Work request –
Transcribe each line below verbatim; pictures excluded.

Dataset extract –
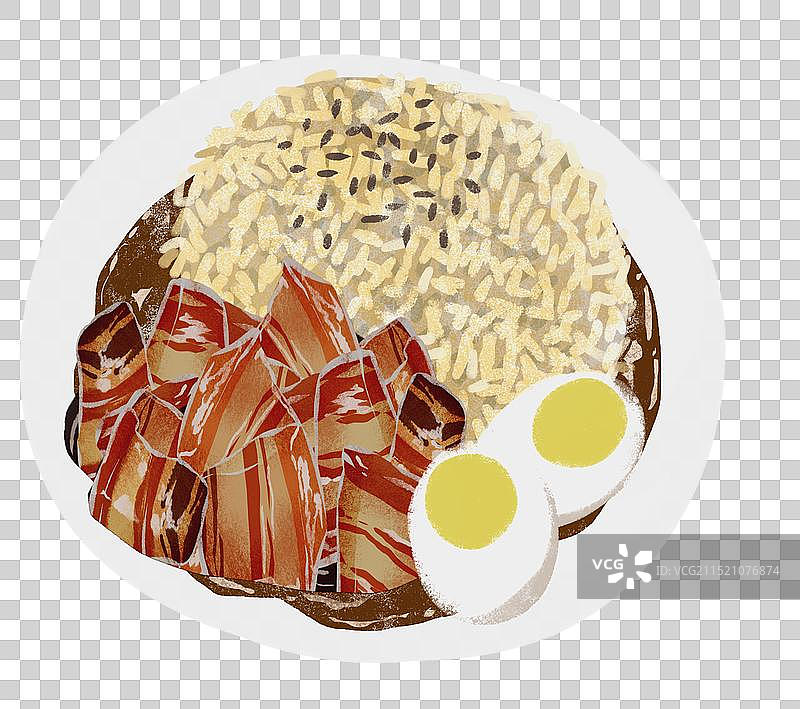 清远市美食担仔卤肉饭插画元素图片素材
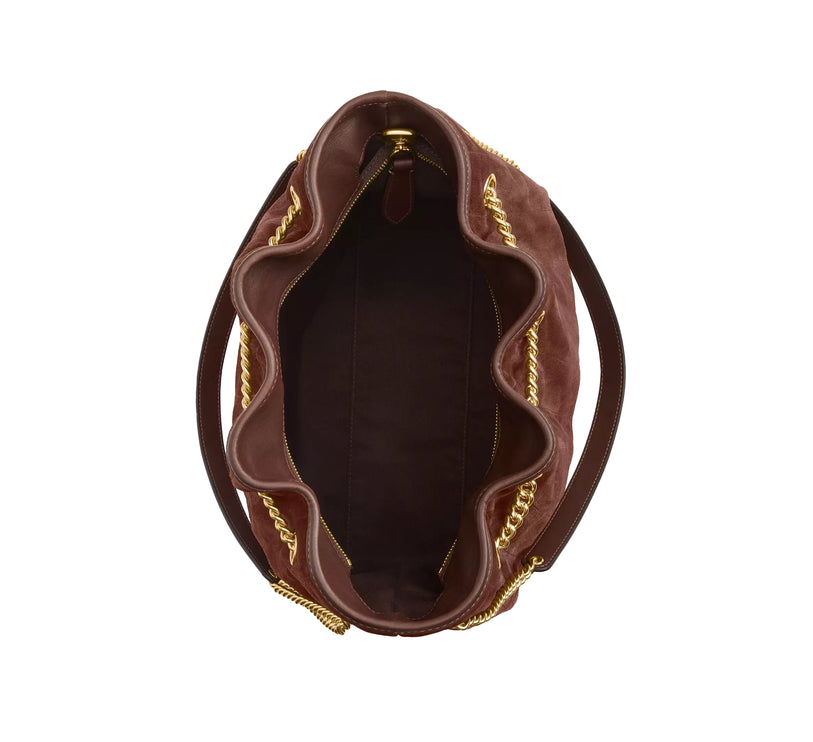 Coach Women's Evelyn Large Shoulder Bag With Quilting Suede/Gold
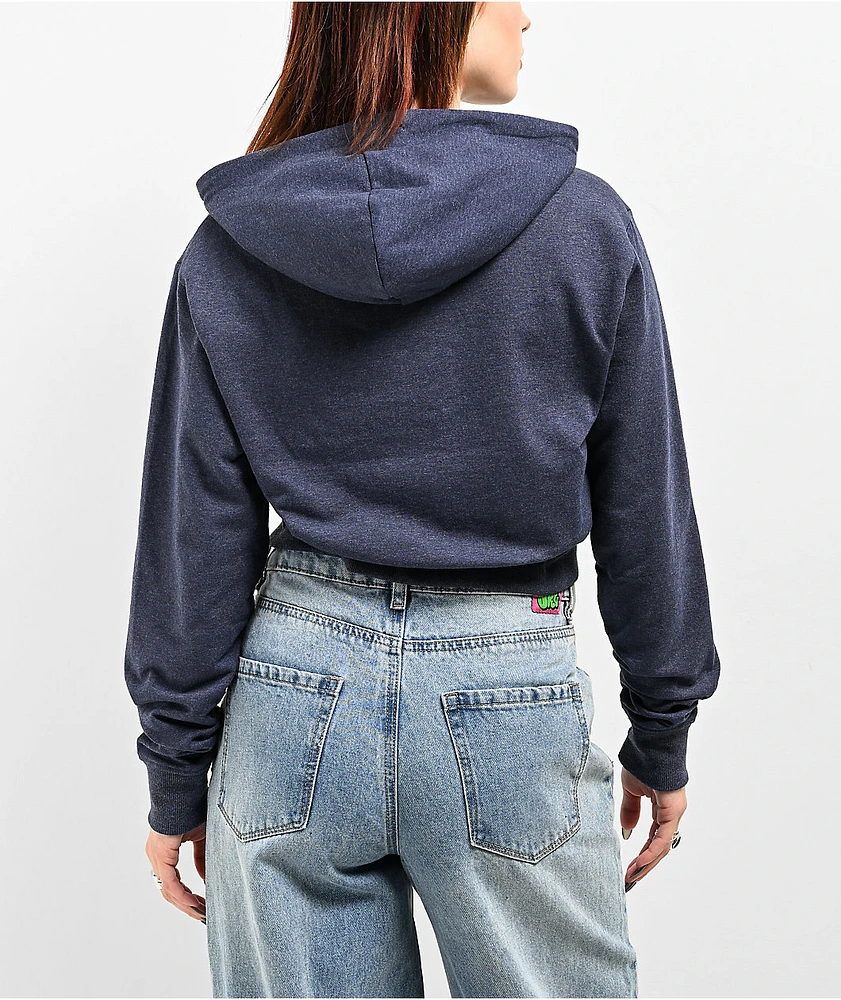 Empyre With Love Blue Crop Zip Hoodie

Exercise answer –
 清远市美食担仔卤肉饭插画元素图片素材
 Coach Women's Evelyn Large Shoulder Bag With Quilting Suede/Gold
 Empyre With Love Blue Crop Zip Hoodie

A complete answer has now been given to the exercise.